• **Exercise instructions**
Check each line of the material below for "Beds" and copy those where it appears.

• **Data to process**
::::::::::

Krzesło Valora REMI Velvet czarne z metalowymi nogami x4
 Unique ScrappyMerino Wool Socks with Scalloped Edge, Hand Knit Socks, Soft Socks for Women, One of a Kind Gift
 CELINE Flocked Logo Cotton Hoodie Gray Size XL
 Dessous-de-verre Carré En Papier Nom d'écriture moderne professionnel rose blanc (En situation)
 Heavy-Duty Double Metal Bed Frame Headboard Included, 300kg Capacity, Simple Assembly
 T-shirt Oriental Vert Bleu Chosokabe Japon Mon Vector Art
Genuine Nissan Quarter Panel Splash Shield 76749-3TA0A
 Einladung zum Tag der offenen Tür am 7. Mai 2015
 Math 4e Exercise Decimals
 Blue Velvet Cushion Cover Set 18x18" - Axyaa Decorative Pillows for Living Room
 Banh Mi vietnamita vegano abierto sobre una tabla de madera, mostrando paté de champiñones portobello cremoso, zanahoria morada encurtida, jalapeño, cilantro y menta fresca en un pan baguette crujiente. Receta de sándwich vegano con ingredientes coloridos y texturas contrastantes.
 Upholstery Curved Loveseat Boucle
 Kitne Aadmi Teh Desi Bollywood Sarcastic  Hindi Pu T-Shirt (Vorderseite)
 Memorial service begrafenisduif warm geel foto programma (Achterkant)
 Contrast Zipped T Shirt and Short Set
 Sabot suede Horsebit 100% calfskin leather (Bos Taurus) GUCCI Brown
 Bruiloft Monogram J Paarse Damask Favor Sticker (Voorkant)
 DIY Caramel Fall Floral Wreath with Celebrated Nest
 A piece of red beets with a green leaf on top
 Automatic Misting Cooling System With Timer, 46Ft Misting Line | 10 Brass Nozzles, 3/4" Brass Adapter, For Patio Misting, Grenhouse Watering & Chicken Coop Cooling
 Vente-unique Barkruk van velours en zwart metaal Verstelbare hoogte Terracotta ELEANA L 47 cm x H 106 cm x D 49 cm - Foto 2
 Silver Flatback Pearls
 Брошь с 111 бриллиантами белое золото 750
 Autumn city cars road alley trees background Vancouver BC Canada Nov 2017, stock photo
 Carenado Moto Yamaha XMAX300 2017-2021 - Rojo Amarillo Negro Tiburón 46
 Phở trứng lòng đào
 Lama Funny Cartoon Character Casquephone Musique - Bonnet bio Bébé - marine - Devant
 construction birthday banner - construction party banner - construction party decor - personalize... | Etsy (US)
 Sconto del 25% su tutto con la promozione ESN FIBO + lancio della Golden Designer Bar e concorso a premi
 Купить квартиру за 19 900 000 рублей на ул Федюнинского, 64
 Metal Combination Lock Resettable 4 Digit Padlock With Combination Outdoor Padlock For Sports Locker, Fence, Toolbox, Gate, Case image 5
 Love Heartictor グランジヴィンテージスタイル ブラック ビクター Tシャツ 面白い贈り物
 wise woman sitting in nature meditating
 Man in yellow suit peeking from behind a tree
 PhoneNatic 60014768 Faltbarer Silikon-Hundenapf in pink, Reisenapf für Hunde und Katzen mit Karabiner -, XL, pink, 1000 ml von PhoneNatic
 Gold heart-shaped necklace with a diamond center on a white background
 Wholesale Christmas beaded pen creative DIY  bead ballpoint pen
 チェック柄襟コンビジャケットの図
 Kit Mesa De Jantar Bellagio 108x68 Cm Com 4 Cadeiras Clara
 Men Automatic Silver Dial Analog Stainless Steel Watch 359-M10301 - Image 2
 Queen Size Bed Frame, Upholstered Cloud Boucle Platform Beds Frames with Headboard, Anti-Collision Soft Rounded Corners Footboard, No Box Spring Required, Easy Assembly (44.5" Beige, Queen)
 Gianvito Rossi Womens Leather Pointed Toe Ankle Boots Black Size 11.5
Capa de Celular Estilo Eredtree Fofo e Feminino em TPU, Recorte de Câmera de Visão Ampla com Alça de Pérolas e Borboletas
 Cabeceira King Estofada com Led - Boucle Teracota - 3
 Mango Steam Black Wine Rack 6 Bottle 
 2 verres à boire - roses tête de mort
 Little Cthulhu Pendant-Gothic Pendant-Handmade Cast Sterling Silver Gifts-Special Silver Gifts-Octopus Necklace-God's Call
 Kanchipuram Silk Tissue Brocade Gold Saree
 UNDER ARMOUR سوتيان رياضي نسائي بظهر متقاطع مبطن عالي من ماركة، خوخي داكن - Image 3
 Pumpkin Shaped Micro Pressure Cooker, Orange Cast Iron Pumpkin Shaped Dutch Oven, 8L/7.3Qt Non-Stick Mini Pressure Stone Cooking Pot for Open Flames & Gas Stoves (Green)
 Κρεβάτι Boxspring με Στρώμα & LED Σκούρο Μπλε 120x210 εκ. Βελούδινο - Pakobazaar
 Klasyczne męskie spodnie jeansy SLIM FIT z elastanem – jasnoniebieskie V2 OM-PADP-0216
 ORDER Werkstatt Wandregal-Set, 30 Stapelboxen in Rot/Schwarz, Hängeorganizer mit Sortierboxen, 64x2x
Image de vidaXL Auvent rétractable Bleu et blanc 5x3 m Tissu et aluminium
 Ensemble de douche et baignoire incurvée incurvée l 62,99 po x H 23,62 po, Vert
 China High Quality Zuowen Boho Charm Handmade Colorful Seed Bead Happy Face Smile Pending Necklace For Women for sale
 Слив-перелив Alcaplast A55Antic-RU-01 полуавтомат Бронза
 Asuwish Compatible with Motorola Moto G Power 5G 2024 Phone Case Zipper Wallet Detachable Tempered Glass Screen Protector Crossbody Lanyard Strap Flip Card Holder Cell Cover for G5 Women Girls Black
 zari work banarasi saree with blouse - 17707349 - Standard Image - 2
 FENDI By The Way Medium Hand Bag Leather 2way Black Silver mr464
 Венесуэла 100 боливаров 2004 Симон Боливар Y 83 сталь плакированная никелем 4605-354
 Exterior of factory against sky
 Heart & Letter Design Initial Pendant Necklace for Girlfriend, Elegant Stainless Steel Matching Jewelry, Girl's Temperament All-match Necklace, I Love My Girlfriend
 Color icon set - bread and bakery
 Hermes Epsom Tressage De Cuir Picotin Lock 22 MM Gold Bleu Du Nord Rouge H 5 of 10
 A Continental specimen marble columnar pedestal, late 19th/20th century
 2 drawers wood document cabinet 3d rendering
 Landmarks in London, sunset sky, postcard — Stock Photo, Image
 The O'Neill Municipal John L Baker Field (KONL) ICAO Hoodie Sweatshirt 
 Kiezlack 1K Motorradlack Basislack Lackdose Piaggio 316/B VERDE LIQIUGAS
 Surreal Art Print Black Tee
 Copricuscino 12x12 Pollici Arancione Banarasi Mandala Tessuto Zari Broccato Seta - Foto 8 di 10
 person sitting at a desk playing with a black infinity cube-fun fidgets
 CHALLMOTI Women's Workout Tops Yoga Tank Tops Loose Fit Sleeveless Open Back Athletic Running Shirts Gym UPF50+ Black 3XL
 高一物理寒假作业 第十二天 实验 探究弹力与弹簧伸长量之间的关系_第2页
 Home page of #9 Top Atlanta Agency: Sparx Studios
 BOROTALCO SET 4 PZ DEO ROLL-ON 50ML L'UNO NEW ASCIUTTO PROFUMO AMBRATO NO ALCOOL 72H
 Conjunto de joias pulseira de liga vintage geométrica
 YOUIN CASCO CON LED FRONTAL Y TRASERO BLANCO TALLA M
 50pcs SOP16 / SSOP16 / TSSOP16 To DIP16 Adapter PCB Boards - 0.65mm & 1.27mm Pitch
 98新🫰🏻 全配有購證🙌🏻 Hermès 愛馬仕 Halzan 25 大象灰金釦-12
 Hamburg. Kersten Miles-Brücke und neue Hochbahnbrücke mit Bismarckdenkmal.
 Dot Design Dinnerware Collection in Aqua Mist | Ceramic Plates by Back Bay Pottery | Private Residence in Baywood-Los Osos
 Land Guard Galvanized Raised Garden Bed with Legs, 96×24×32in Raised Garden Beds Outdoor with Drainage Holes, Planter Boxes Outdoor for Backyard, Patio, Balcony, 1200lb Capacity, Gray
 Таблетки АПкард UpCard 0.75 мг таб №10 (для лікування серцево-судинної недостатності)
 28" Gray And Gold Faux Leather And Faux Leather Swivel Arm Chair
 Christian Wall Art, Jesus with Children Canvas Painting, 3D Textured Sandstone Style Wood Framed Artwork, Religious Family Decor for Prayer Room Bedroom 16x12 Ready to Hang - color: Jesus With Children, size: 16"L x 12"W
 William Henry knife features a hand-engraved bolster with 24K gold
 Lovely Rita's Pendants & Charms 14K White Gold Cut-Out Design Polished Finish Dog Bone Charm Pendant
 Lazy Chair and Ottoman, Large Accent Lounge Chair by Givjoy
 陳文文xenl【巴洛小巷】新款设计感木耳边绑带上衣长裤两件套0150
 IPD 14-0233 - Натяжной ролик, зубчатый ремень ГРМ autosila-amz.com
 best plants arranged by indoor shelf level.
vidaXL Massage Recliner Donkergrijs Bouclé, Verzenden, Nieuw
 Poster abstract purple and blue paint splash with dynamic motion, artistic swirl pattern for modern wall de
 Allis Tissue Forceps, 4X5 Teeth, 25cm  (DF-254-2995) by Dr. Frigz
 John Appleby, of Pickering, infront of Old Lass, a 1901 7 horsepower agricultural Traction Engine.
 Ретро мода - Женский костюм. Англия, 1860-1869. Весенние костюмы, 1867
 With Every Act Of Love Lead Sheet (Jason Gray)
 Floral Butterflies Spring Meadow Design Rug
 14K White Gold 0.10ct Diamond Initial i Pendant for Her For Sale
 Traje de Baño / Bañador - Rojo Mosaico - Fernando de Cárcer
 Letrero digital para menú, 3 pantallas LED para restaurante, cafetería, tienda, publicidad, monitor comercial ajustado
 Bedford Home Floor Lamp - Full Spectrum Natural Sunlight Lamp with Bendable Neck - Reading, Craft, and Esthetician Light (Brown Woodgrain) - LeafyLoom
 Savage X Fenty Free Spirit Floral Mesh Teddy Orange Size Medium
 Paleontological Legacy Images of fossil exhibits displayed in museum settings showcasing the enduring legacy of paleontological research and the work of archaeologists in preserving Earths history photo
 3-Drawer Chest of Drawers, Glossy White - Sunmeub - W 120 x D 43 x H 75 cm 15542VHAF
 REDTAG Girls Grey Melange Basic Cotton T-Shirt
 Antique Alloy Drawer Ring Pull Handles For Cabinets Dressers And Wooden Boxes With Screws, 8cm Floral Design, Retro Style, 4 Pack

::::::::::

• **Solution**
 Queen Size Bed Frame, Upholstered Cloud Boucle Platform Beds Frames with Headboard, Anti-Collision Soft Rounded Corners Footboard, No Box Spring Required, Easy Assembly (44.5" Beige, Queen)
 Land Guard Galvanized Raised Garden Bed with Legs, 96×24×32in Raised Garden Beds Outdoor with Drainage Holes, Planter Boxes Outdoor for Backyard, Patio, Balcony, 1200lb Capacity, Gray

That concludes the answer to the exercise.